The researchers published their work July 13 in the journal Nature Materials. UW-Madison graduate student Wenjie Li is the lead author of the study. The Jin lab collaborated with researchers from the University of New South Wales and the University of Sydney in Australia, Utah State University, King Abdullah University of Science and Technology in Saudi Arabia and the City University of Hong Kong.
Since the sun doesn't always shine, storage is key for practical solar electricity, especially in remote and rural regions with a lot of sunlight, such as in the sunbelt regions of the U.S., Australia, Saudi Arabia and Africa. Many solar home systems use lead-acid or lithium-ion batteries for electricity storage. Flow batteries, which use large tanks of liquid chemicals to store energy, could be less expensive at a larger scale and are an ideal storage choice for merging with solar cells.

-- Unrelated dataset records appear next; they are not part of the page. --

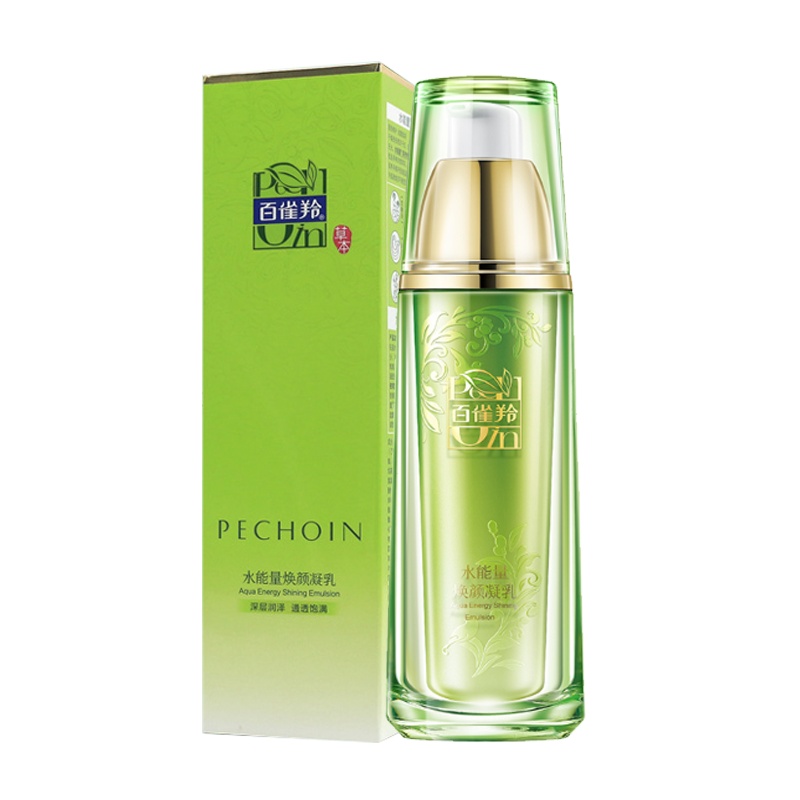 百雀羚水能量焕颜凝乳90ml锁水淡化细纹补水保湿滋养肌肤学生护肤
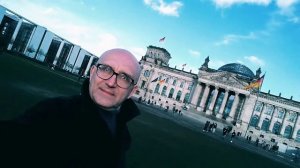 Берлин. Рейхстаг. Алексей Прокаев, февраль 2020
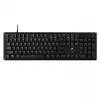 Corsair K70 herná klávesnica USB čierna mechanická Full-Size 104 klávesov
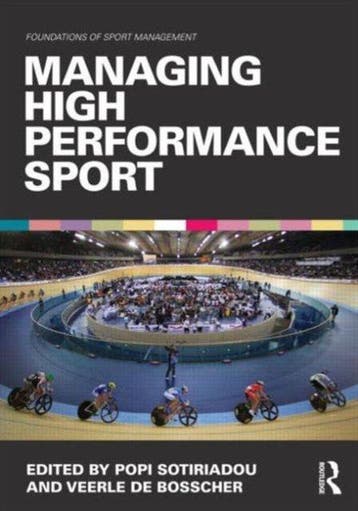Managing High Performance Sport - Popi Sotiriadou, Boeken, Verzenden, Gelezen, Popi Sotiriadou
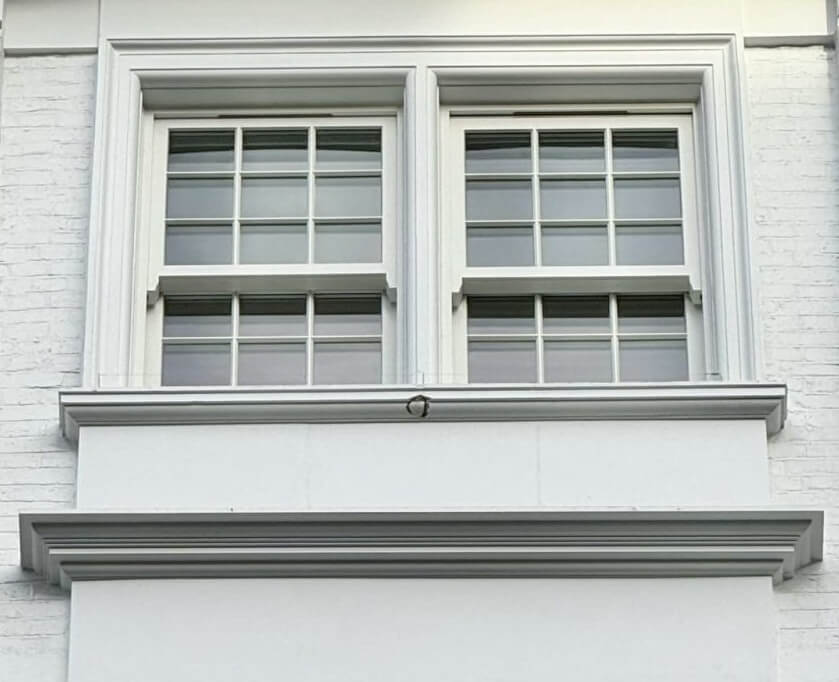 Triple Glazed Timber Sash Windows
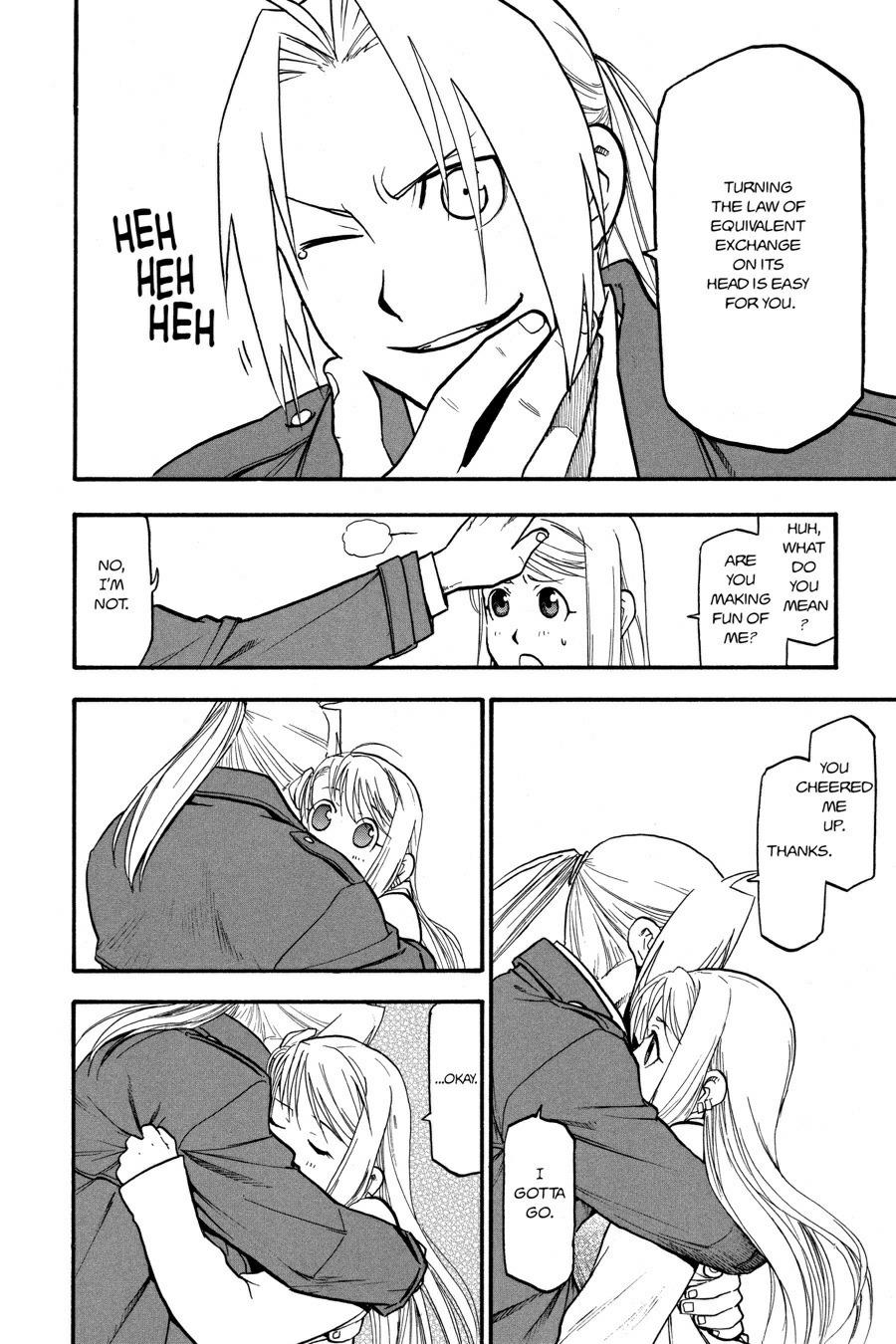 Fullmetal Alchemist Chapter 108 - Page 104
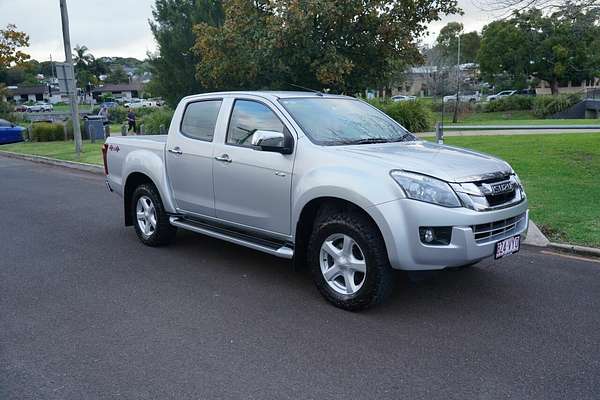 2015 Isuzu D-MAX LS-U HI-Ride (4x4) TF MY15 4X4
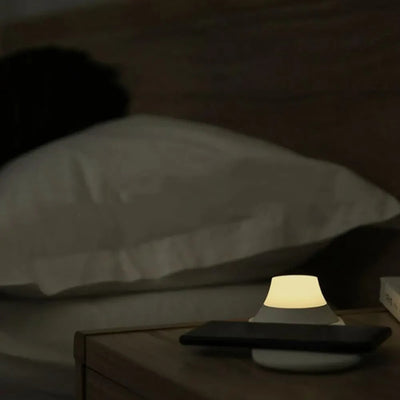 Cargador Inalámbrico Magnético con Luz Nocturna Inteligente - Image 8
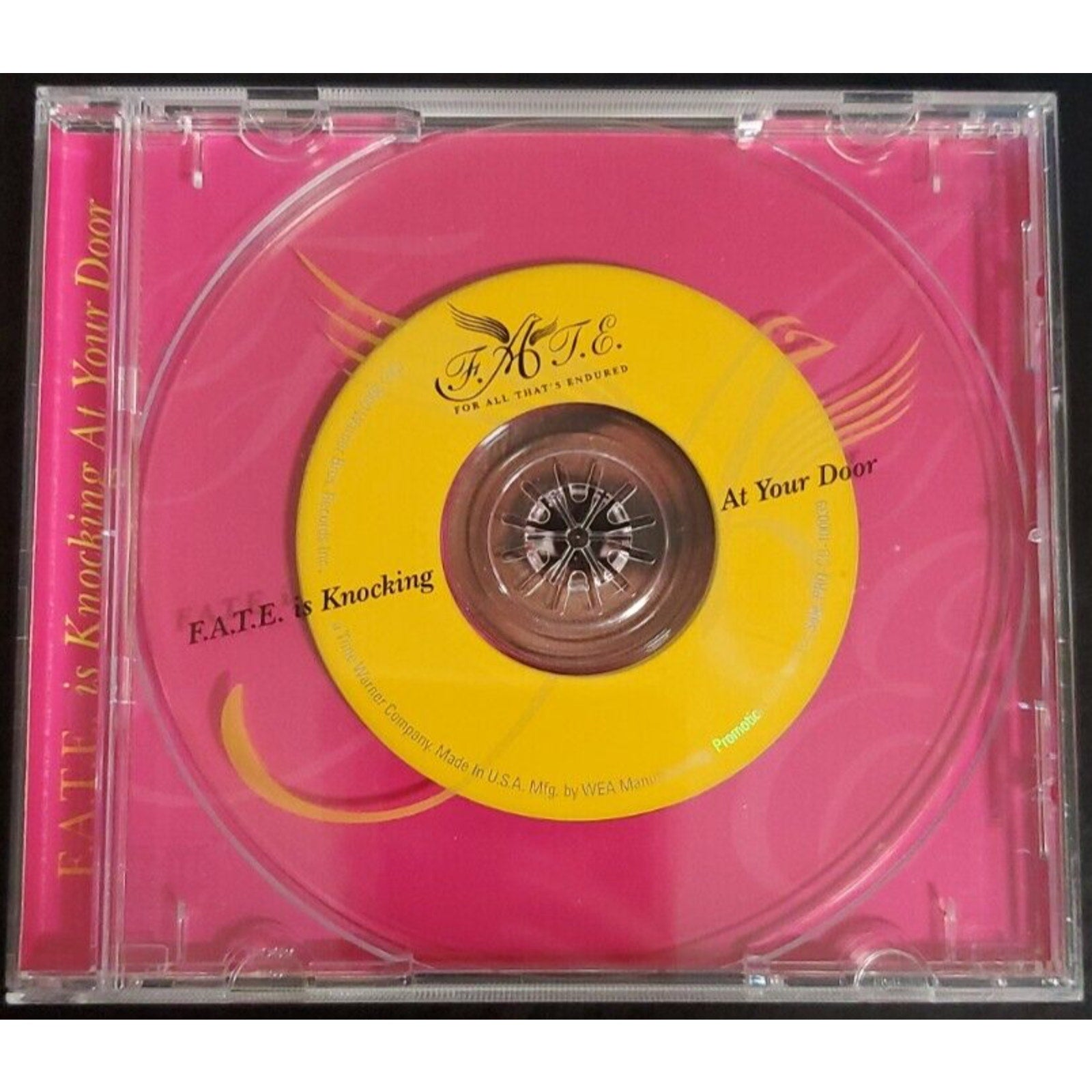 F.A.T.E Is Knocking At Your Door (CD)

The Jin lab has spent years studying and improving integrated solar flow battery systems. In 2018, it developed a solar flow battery using a triple layer of efficient but expensive solar materials that achieved an overall efficiency of 14 percent. However, corrosion greatly reduced the device's lifetime.
In their latest report, the researchers turned to an increasingly popular material for photovoltaic cells, halide perovskites. The solar conversion efficiency of these special materials has dramatically increased from a few percent to over 25 percent in 10 years. Recent research has shown that halide perovskites can also increase the efficiency of traditional silicon solar cells by capturing more energy from the sun.
This new breed of highly efficient perovskite-silicon solar cells is on its way to commercialization. Yet silicon remains key for making a stable device that can withstand the chemicals in a flow battery.
"Our motivation for the design of the solar cell was to combine these two materials together so we have both high efficiency and good stability," says Li.
Professor Anita Ho-Baillie and postdoctoral researcher Jianghui Zheng in Australia fabricated the perovskite-silicon solar cells with an additional protection layer on the silicon surface. They shipped the solar cells to Wisconsin for testing.
To predict the ideal voltage that the flow batteries should run at, Li developed a new theoretical modeling method. The modeling allowed him to select a pair of chemicals in the flow battery that would operate at the ideal voltage based on the characteristics of the solar cell, maximizing efficiency. The chemicals are organic compounds, not expensive metals as in traditional flow batteries, and are dissolved in a benign water solution of table salt rather than strong acids.
Utah State University chemistry professor T. Leo Liu and his graduate students provided the key matching chemicals. Thanks to a good match between the solar cell and the flow battery, the winning device maintained a high efficiency over hundreds of hours and hundreds of charge-discharge cycles while retaining most of its capacity. That lifespan was several times longer than earlier devices. Overall, the new system's long life and 20 percent efficiency made it the best solar flow battery device yet.
"That's 20 percent efficiency any time you like," says Jin. "You can use the solar electricity right away during the day and get 20 percent, or you can use it in the evening from storage and get 20 percent."
There's still plenty of research to be done before such devices would make practical renewable-energy solutions. Increasing the size and scale of the current small gadgets in the research lab is one challenge. And even though the researchers created a relatively long-lasting battery, real-world applications demand still greater robustness. The Jin lab is continuing to develop even more efficient solar flow batteries while also experimenting with practical trade-offs to reduce the cost of the devices.
That research could one day yield a new way to harvest, store and use the sun's energy.
"Our eventual goal, if we can make this practical, is to target solar home systems," says Li. "People who don't have electrical grid access could use this device to have reliable electricity."
This work was supported in part by the National Science Foundation (grant 1847674).